• **DATA FOR PROCESSING**

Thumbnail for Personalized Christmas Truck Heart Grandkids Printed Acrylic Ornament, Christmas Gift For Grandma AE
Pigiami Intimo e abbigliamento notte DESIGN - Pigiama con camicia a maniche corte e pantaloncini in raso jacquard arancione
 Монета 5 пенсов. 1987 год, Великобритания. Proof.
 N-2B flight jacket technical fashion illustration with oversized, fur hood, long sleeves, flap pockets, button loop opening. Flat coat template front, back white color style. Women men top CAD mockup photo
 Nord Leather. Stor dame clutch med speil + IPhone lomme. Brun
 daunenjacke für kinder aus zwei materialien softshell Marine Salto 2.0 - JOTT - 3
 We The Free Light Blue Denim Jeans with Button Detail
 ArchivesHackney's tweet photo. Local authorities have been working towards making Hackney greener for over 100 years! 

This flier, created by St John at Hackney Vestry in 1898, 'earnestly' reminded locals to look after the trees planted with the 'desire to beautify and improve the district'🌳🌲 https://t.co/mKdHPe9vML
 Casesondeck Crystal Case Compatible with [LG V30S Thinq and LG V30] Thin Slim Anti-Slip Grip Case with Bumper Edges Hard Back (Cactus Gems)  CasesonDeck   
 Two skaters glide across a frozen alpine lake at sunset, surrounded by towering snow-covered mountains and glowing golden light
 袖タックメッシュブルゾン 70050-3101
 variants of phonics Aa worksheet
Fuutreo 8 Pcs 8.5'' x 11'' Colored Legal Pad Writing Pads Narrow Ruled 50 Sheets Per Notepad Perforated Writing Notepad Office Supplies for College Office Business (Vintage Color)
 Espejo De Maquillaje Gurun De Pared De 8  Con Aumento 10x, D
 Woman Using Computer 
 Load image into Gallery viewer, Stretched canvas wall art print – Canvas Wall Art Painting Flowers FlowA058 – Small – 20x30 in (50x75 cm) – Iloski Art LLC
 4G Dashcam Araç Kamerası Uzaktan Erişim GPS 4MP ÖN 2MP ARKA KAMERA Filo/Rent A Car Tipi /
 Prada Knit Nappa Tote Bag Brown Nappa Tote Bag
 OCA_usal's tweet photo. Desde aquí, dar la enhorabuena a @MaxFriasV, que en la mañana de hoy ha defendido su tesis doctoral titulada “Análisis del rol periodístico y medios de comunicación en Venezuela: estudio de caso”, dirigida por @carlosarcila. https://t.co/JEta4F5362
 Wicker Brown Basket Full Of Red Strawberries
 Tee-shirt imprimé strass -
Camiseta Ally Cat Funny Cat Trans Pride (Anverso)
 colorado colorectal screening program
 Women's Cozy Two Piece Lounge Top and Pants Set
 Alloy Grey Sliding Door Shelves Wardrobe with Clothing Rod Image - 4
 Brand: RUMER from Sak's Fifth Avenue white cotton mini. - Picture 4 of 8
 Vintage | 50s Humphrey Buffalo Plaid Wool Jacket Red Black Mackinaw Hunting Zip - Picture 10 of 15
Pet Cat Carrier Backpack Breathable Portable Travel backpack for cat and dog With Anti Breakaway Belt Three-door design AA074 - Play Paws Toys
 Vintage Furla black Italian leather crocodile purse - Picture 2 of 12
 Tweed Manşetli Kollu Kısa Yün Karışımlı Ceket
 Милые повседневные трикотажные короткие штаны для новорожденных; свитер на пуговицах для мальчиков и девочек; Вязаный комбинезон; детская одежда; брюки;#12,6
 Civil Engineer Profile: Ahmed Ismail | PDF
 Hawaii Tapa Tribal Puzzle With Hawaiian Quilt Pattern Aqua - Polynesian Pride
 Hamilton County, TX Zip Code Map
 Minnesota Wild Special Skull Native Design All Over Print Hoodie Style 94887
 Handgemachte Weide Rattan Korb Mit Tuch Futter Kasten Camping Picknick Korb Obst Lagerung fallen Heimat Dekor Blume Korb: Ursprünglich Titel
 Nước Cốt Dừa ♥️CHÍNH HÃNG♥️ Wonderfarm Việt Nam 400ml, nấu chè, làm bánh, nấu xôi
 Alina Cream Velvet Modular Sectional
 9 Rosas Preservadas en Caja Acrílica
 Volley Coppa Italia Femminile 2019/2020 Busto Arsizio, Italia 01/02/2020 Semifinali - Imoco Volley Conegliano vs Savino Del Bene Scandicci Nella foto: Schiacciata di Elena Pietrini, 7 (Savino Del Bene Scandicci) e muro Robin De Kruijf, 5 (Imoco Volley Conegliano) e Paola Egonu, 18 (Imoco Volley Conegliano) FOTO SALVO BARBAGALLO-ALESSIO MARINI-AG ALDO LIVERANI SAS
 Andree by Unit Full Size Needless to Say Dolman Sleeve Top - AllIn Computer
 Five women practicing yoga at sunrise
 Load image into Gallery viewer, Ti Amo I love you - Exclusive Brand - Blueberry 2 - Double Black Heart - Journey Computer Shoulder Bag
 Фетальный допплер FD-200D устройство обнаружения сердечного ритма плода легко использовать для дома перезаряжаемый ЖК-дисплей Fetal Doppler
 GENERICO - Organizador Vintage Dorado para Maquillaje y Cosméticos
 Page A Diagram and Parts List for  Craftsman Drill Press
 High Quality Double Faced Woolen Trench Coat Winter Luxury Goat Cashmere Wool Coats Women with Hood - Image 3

• **PROBLEM REQUIREMENTS**
Once you have read the records above, say how many of their lines contain the word "Brand", giving only that figure.

• **SOLVED PROBLEM**
2